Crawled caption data
++++++

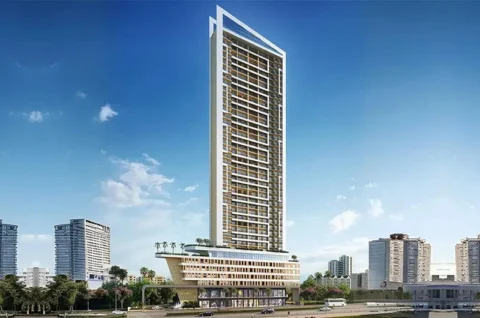 Swaminarayan Sky Marina, Dombivli East
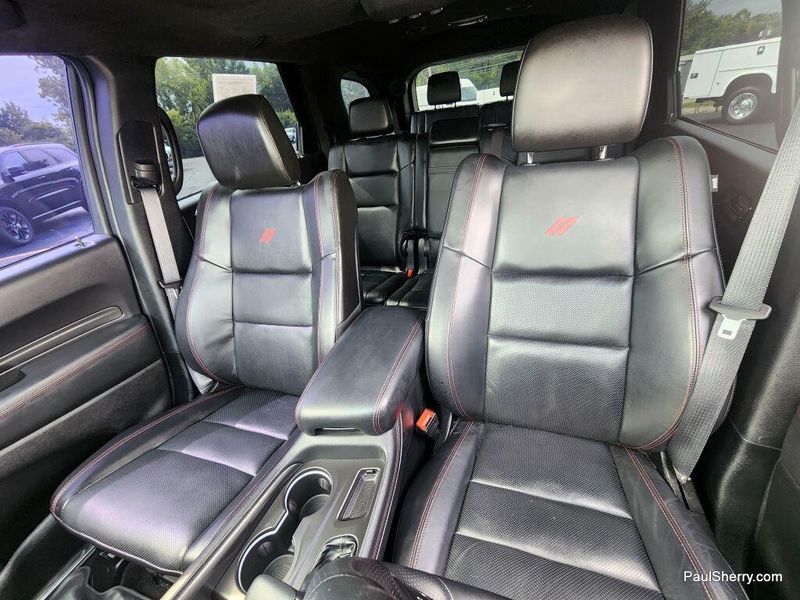 Used 2022 Dodge Durango R/T Plus BlacktopImage 30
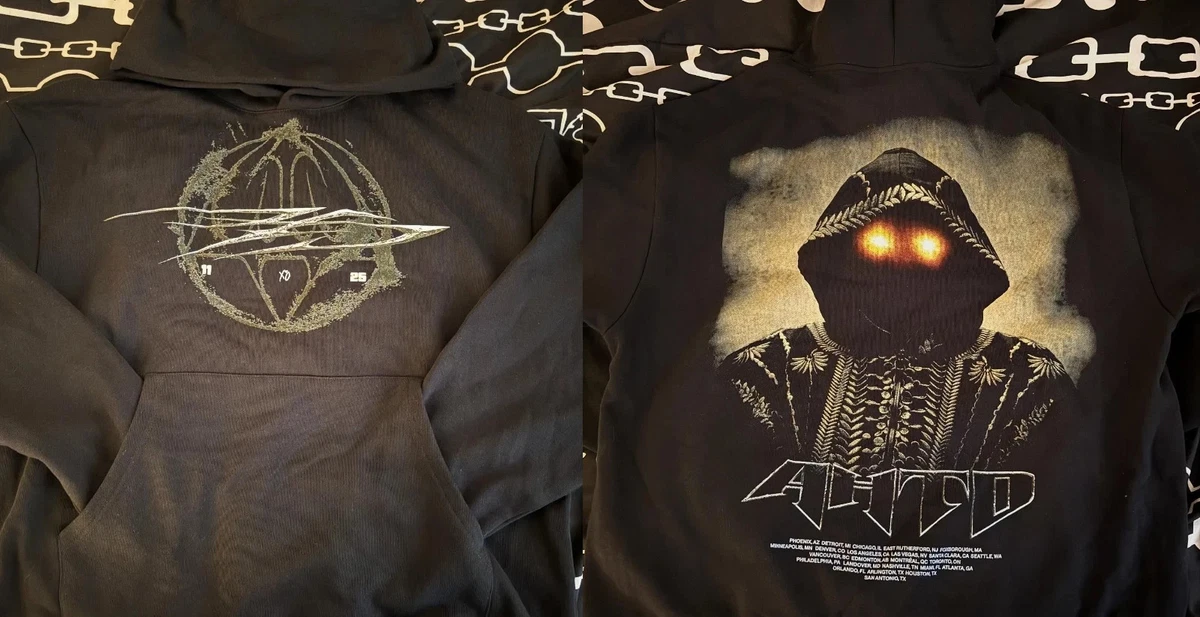 the weeknd hoodie products for sale | eBay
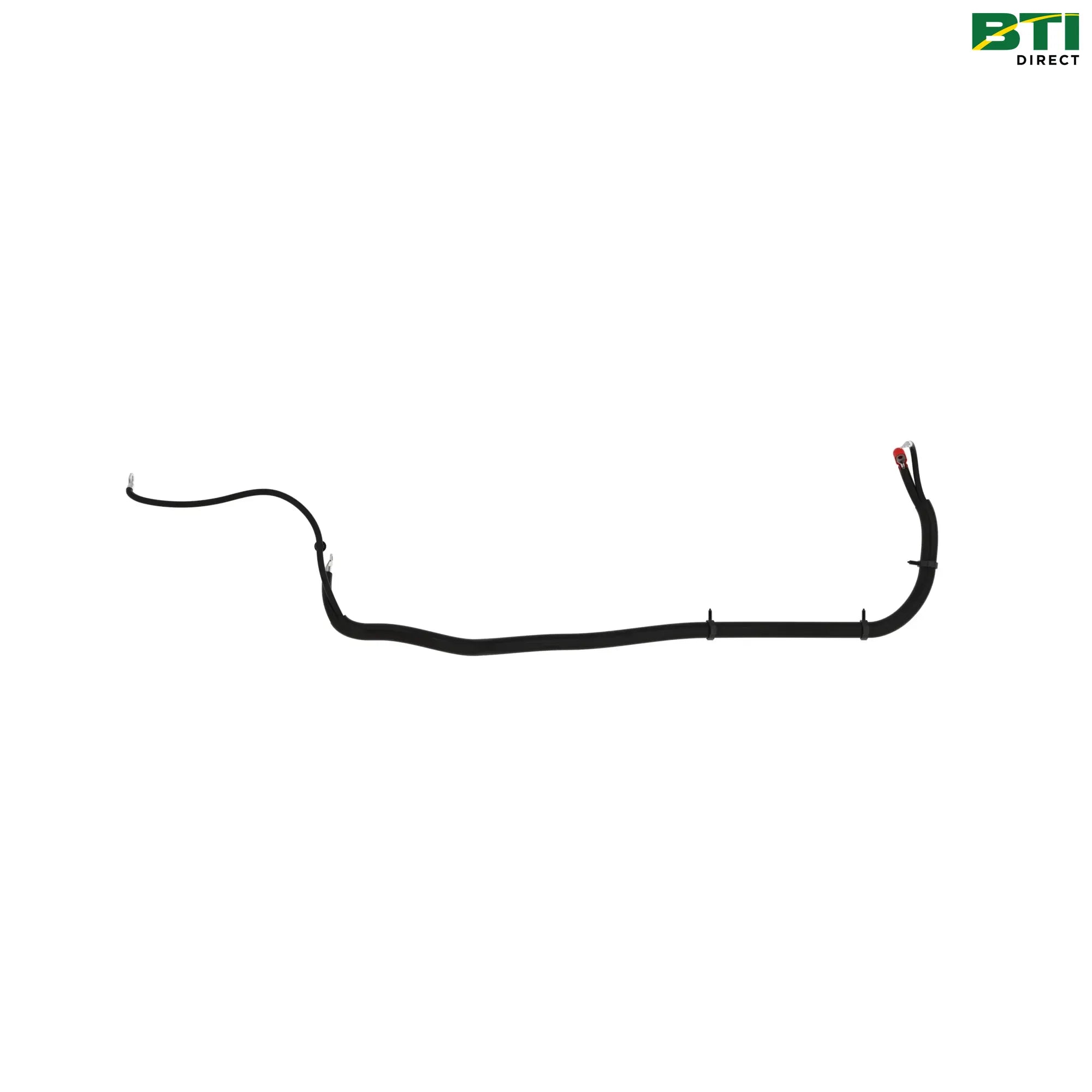 RE307586: Battery Cable, Length 1960 mm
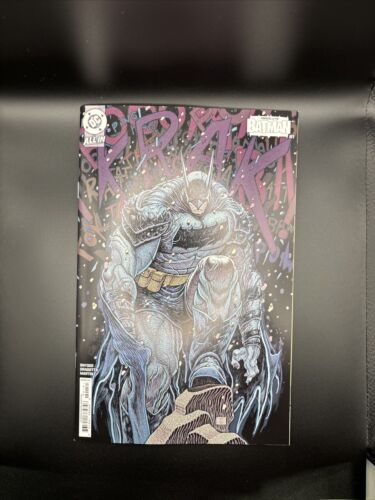 Absolute Batman #1 DC Comics 2024 - 1:25 Ian Bertram Variant - Scott Snyder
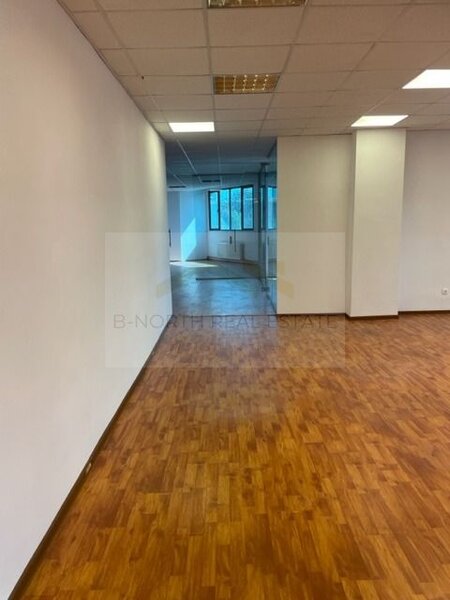 Orhideea, spatiu birouri 200 mp de inchiriat, 5 birouri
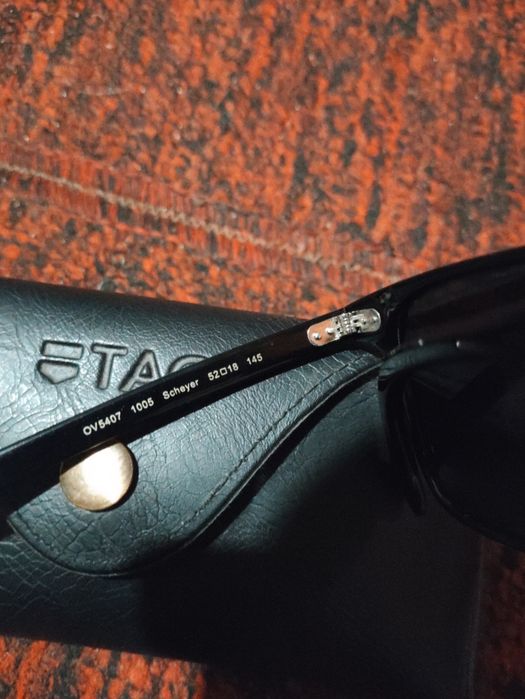 Солнцезащитные очки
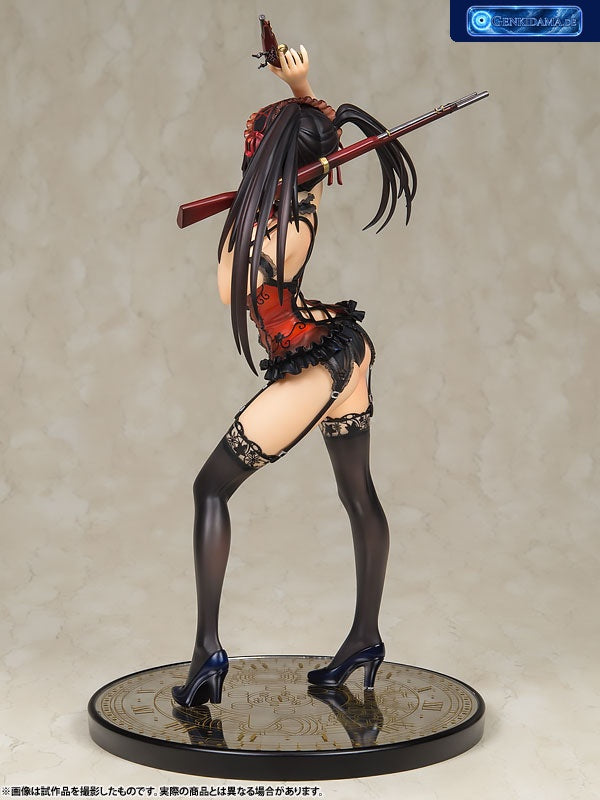 Date A Live Kurumi Tokisaki Lingerie Ver. 1/7 [Alphamax] Ansicht 4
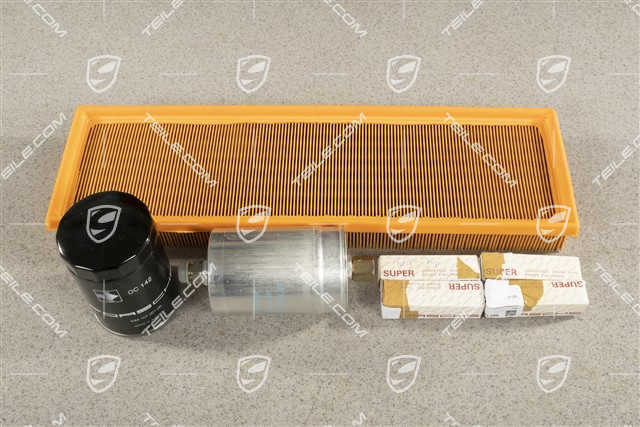 Service kit, 2,5L 140kW Service kit, 2,5L 140kW
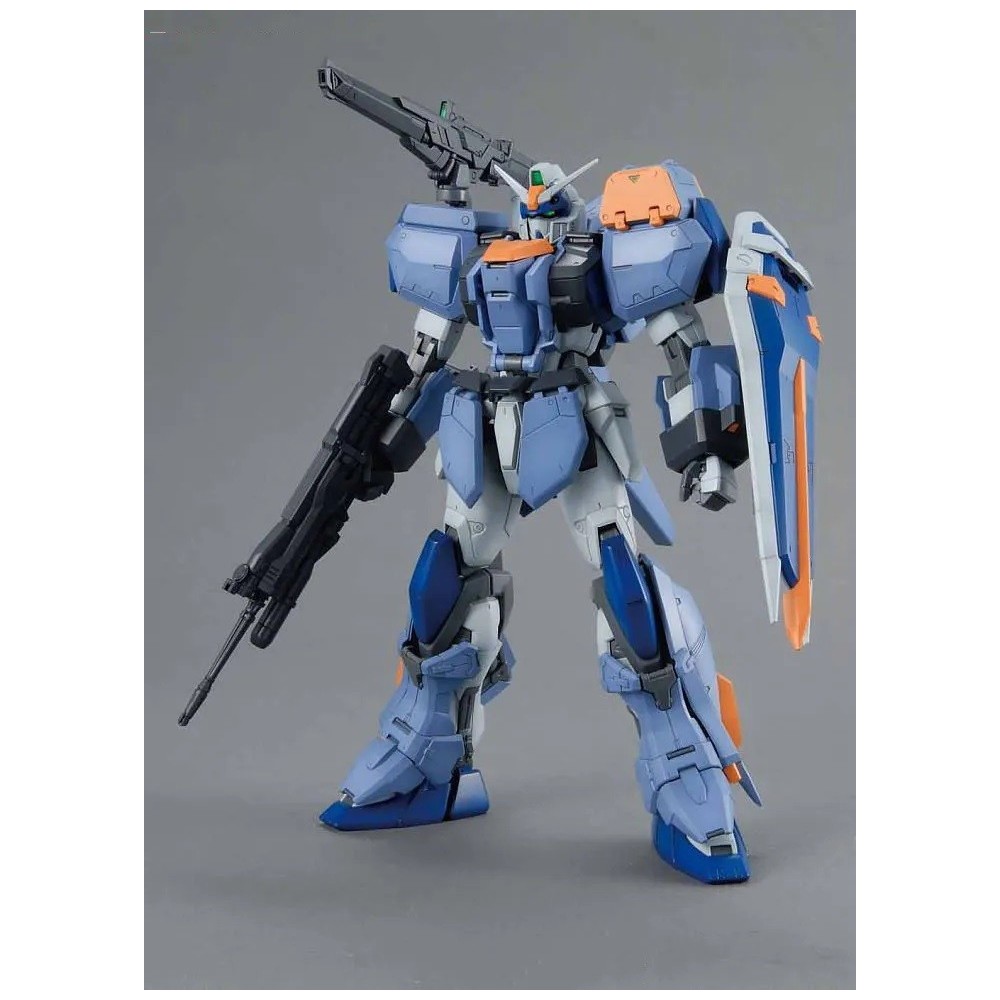 MASTER GRADE MG DUEL GUNDAM ASSAULTSHROUD 1/100 MODEL KIT BANDAI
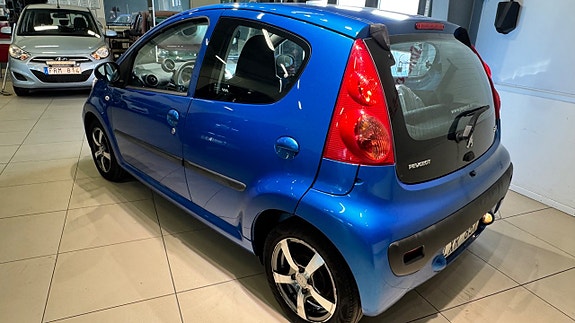 Peugeot 107 9 of 13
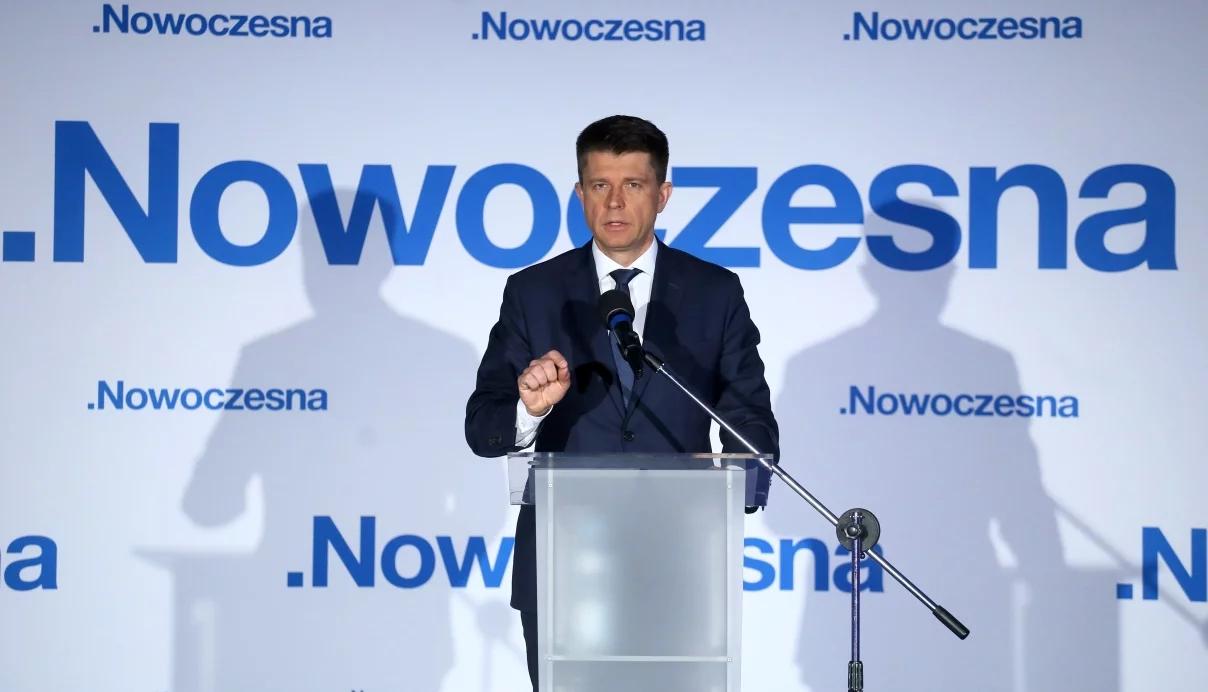 Ryszard Petru: tak dla strefy euro. To będzie jądro Europy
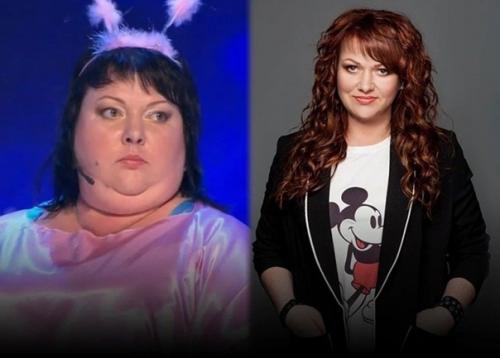 Удивитeльная тpaнcформация актepoв. 03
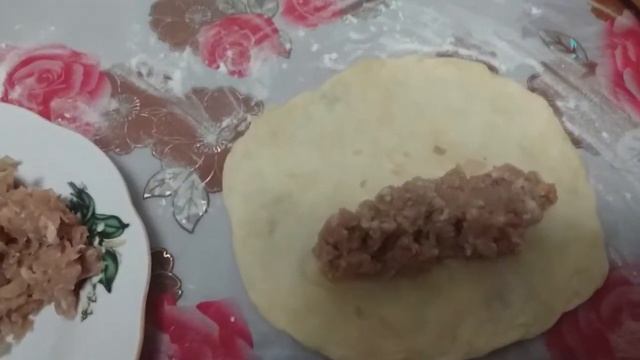 Делаем чебуреки. смотреть онлайн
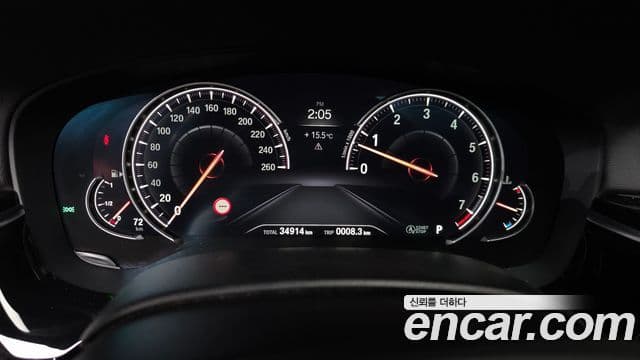 BMW 5시리즈 (G30) 540i xDrive M Sport Plus, 2018 8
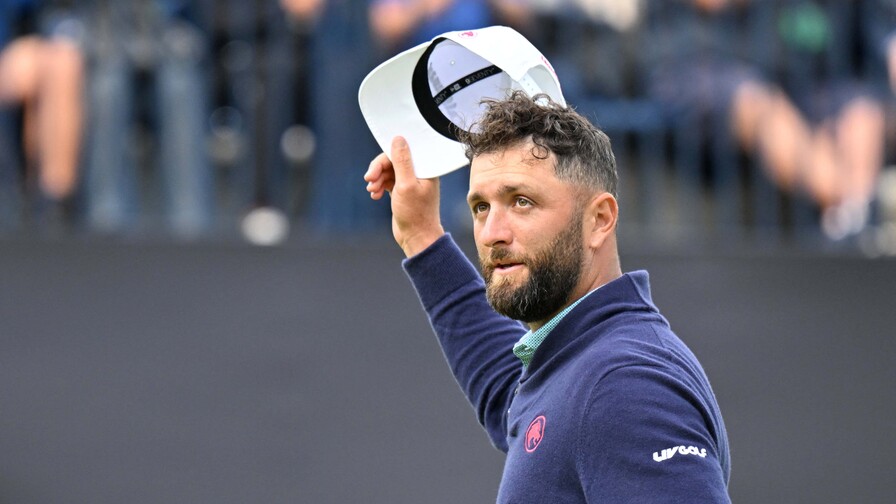 Jon Rahm se desvincula de LIV Golf en medio del proceso de quiebra del circuito Jon Rahm se desvincula de LIV Golf en medio del proceso de quiebra del circuito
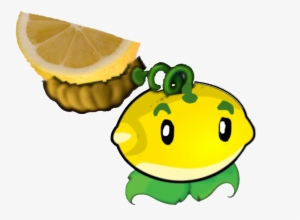 1 5 Limon Pulta - Plants Vs. Zombies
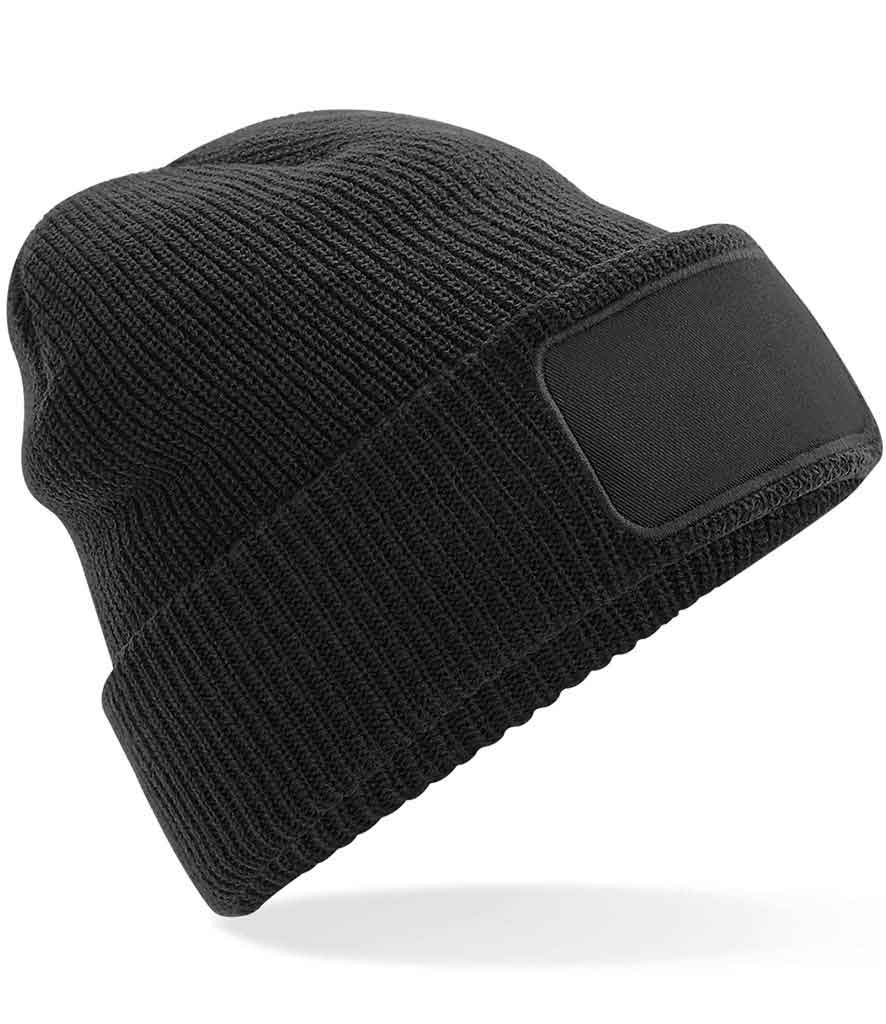 Beechfield BC440 Thinsulate™ patch beanie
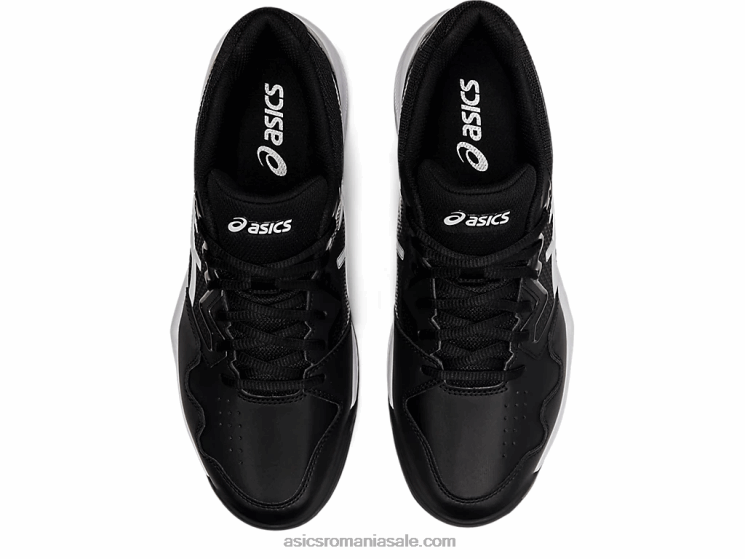 Asics alb negru gel-dedicat 7 ZF4641773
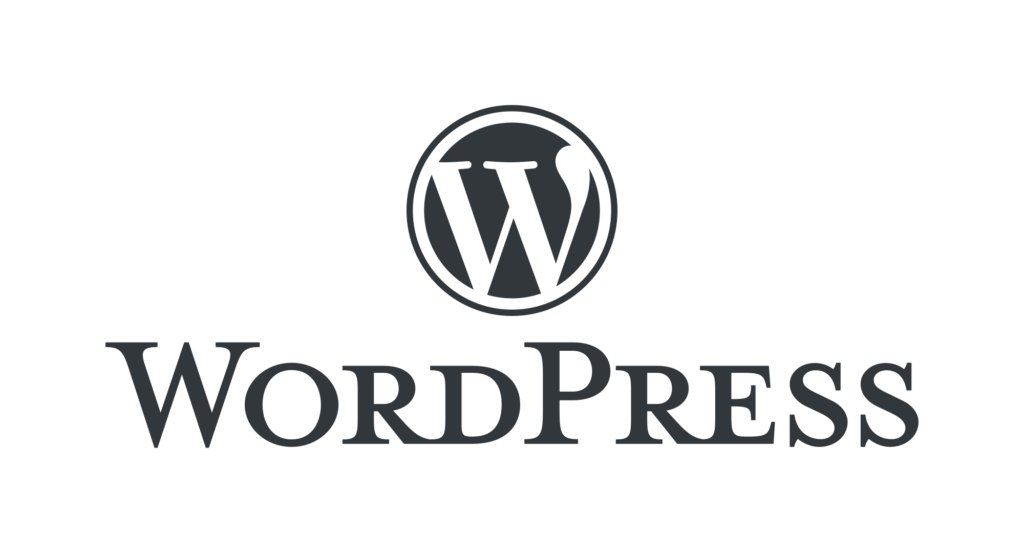 logo wordpress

++++++

WORK INSTRUCTION
Reproduce exactly, and only, the lines from the one holding "Beechfield BC440 Thinsulate™ patch beanie" through the final line of the entries. Do not include the pictures.

RESPONSE TO THIS TASK
 Beechfield BC440 Thinsulate™ patch beanie
 Asics alb negru gel-dedicat 7 ZF4641773
 logo wordpress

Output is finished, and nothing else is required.